EXERCISE INPUTS: Begin
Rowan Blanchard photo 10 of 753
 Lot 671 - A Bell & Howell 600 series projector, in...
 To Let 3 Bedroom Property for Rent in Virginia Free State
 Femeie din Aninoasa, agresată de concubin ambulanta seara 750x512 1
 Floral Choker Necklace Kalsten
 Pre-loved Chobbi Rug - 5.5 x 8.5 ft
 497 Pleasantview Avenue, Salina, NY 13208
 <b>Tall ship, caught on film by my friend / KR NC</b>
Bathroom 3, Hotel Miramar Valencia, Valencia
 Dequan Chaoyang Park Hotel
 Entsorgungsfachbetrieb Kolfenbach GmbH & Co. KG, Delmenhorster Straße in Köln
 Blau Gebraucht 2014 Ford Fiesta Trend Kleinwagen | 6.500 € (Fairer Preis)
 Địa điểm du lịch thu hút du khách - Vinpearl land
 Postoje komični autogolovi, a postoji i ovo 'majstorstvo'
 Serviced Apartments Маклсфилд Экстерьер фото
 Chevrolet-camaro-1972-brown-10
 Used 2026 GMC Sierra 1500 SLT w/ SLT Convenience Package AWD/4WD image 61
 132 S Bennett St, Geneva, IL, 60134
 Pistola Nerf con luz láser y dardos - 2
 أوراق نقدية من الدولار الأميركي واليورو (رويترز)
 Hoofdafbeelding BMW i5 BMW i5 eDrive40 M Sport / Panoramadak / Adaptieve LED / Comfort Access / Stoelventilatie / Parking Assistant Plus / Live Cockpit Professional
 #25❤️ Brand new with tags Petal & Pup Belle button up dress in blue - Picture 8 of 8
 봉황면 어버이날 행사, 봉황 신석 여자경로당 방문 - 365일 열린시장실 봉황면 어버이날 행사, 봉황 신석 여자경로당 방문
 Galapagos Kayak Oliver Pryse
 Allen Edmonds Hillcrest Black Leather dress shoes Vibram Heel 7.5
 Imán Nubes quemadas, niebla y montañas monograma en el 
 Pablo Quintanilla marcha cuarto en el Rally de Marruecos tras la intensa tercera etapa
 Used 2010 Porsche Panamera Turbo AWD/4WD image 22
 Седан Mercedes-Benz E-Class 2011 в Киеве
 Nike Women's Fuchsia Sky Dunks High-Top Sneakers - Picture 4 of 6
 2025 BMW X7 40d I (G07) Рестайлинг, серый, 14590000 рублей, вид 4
EXERCISE INPUTS: End
◆ WHAT YOU HAVE TO DO
Reproduce exactly every line that sits between the start of the entries and the line bearing "Dequan Chaoyang Park Hotel", counting both of those lines.

◆ WRITTEN REPLY
Rowan Blanchard photo 10 of 753
 Lot 671 - A Bell & Howell 600 series projector, in...
 To Let 3 Bedroom Property for Rent in Virginia Free State
 Femeie din Aninoasa, agresată de concubin ambulanta seara 750x512 1
 Floral Choker Necklace Kalsten
 Pre-loved Chobbi Rug - 5.5 x 8.5 ft
 497 Pleasantview Avenue, Salina, NY 13208
 <b>Tall ship, caught on film by my friend / KR NC</b>
Bathroom 3, Hotel Miramar Valencia, Valencia
 Dequan Chaoyang Park Hotel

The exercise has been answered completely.